**Work task**
Write out, please, each line from the one containing "cinta69 slot platform" to the final line of the data, both included, exactly and without pictures.

[Dataset items]

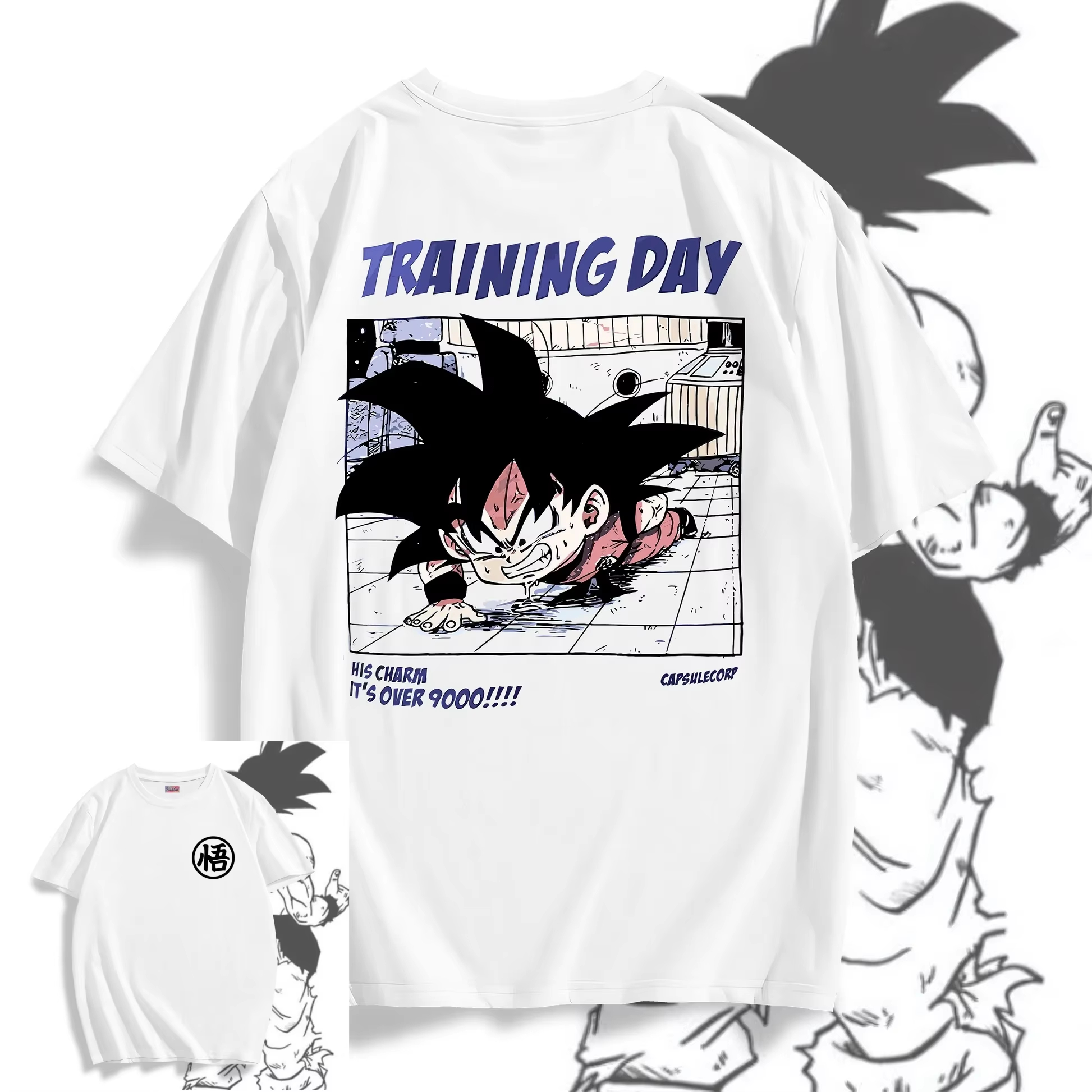 2026 New Hot Summer 2026 Drago - Anime Merchandise Shop incelemesi ve fiyatı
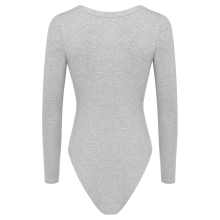 Stone Fault long back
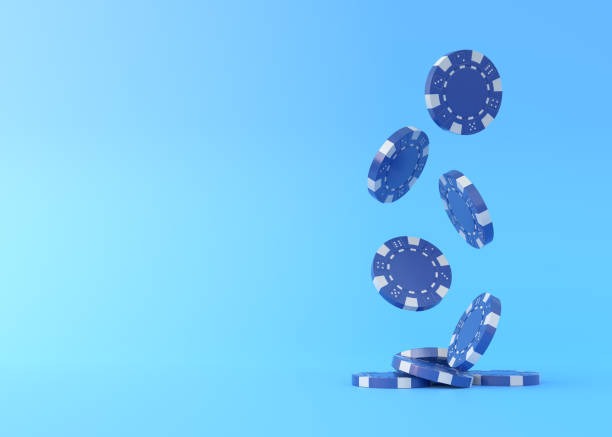 cinta69 slot platform dashboard showing football, live casino, slots, and esports categories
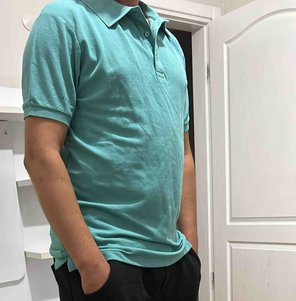 yorum görseli
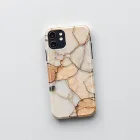 Nature Inspired Case
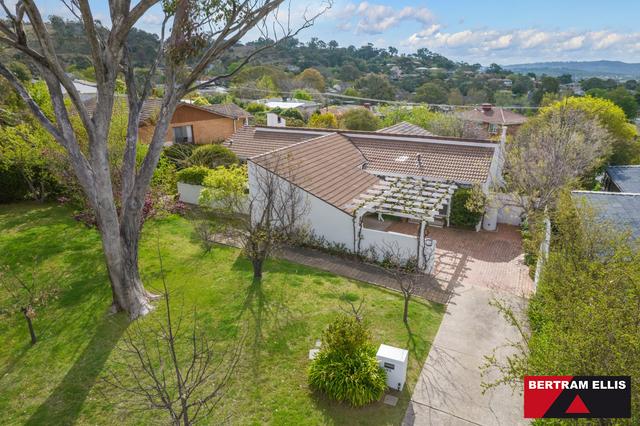 26 Doyle Terrace, ACT 2611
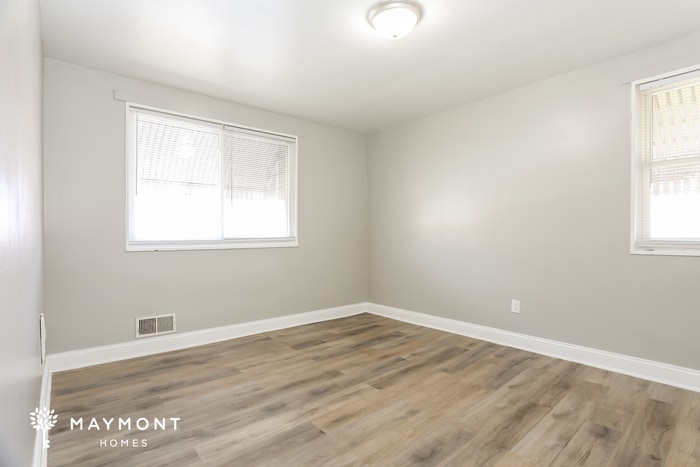 Building Photo - 963 Masefield Rd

**Expected answer**
 cinta69 slot platform dashboard showing football, live casino, slots, and esports categories
 yorum görseli
 Nature Inspired Case
 26 Doyle Terrace, ACT 2611
 Building Photo - 963 Masefield Rd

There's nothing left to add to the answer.